## TASK
Though the records contain pictures, copy none of them; repeat exactly the lines from the one with "MEDICHROM MUROL ΜΟΥΡΟΥΝΕΛΑΙΟ" to the end.

[EXTRACTED RECORDS]

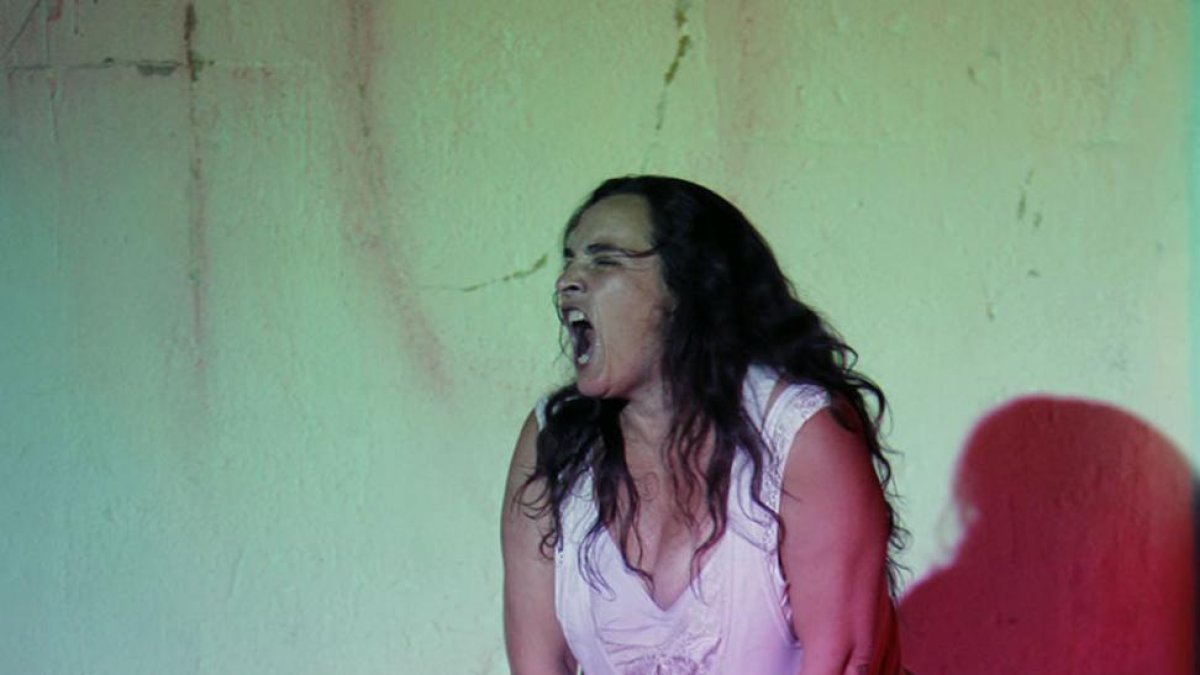 La actriz Mercedes Herrero.-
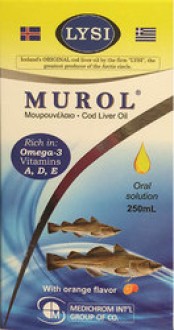 MEDICHROM MUROL ΜΟΥΡΟΥΝΕΛΑΙΟ ΓΕΥΣΗ ΠΟΡΤΟΚΑΛΙ 250ml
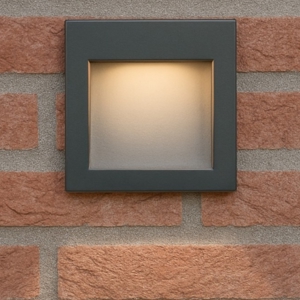 Ideal lux wire segnapasso per esterno antracite incasso parete led 4w 3000k ip65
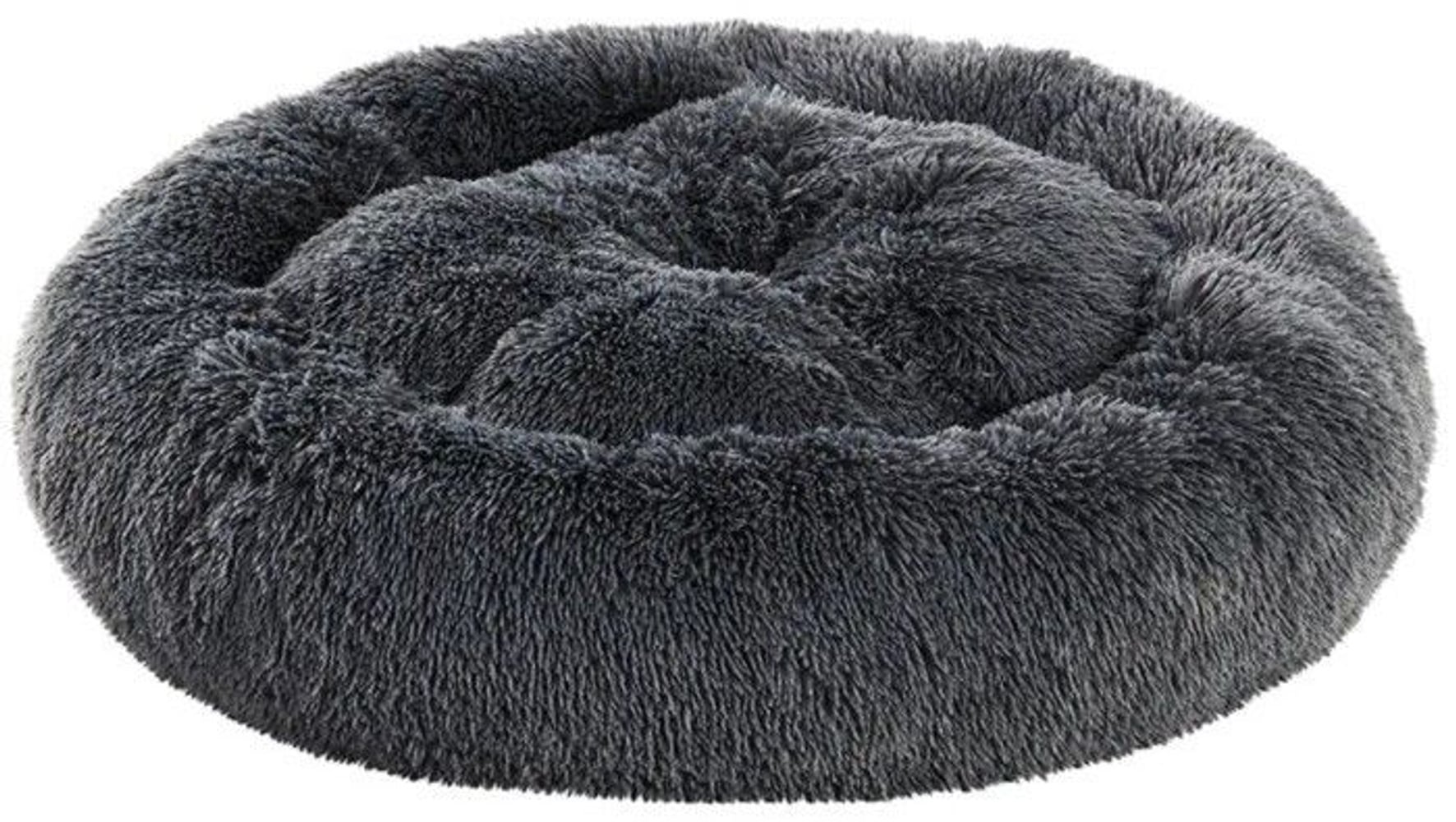productImage: Fluffy Calming Bed Round L Dark Grey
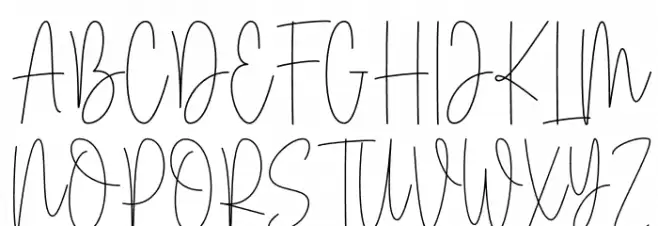 Cheescake Monoline Schriftart Groß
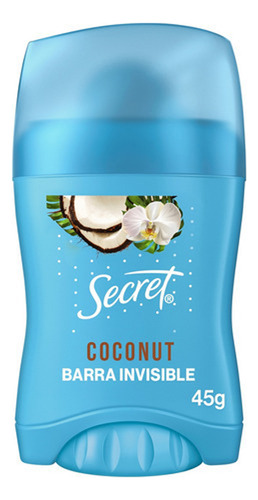 Barra Invisible Antitranspirante Secret Coco 45 G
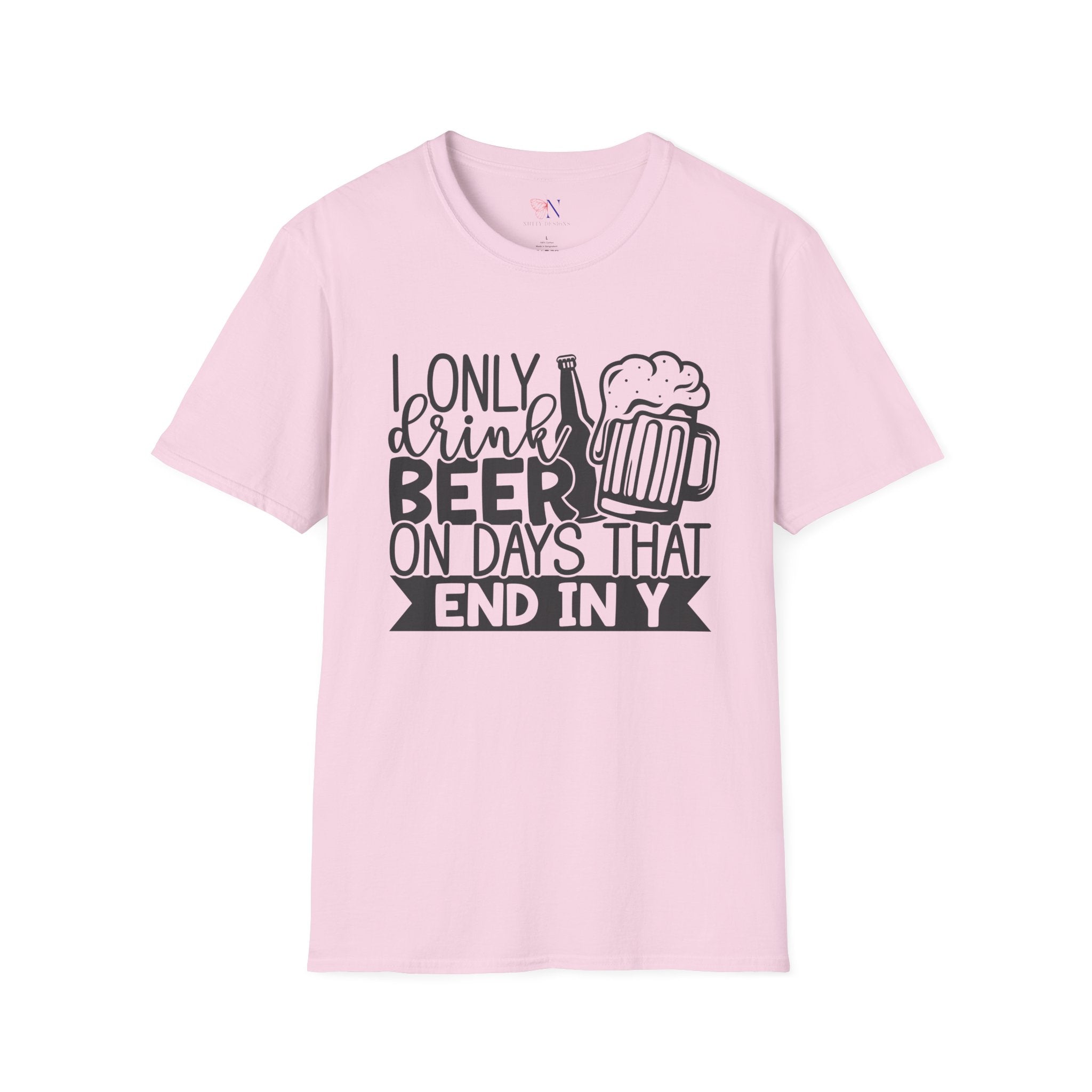 Beer Lover Unisex T-Shirt, Funny Day-Ending Beer Drinking Tee, Softstyle Beer Drinker Shirt, Beer Enthusiast Gift Top, Beer Day Tshirt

[/EXTRACTED RECORDS]

## FINAL ANSWER
 MEDICHROM MUROL ΜΟΥΡΟΥΝΕΛΑΙΟ ΓΕΥΣΗ ΠΟΡΤΟΚΑΛΙ 250ml
 Ideal lux wire segnapasso per esterno antracite incasso parete led 4w 3000k ip65
productImage: Fluffy Calming Bed Round L Dark Grey
 Cheescake Monoline Schriftart Groß
 Barra Invisible Antitranspirante Secret Coco 45 G
 Beer Lover Unisex T-Shirt, Funny Day-Ending Beer Drinking Tee, Softstyle Beer Drinker Shirt, Beer Enthusiast Gift Top, Beer Day Tshirt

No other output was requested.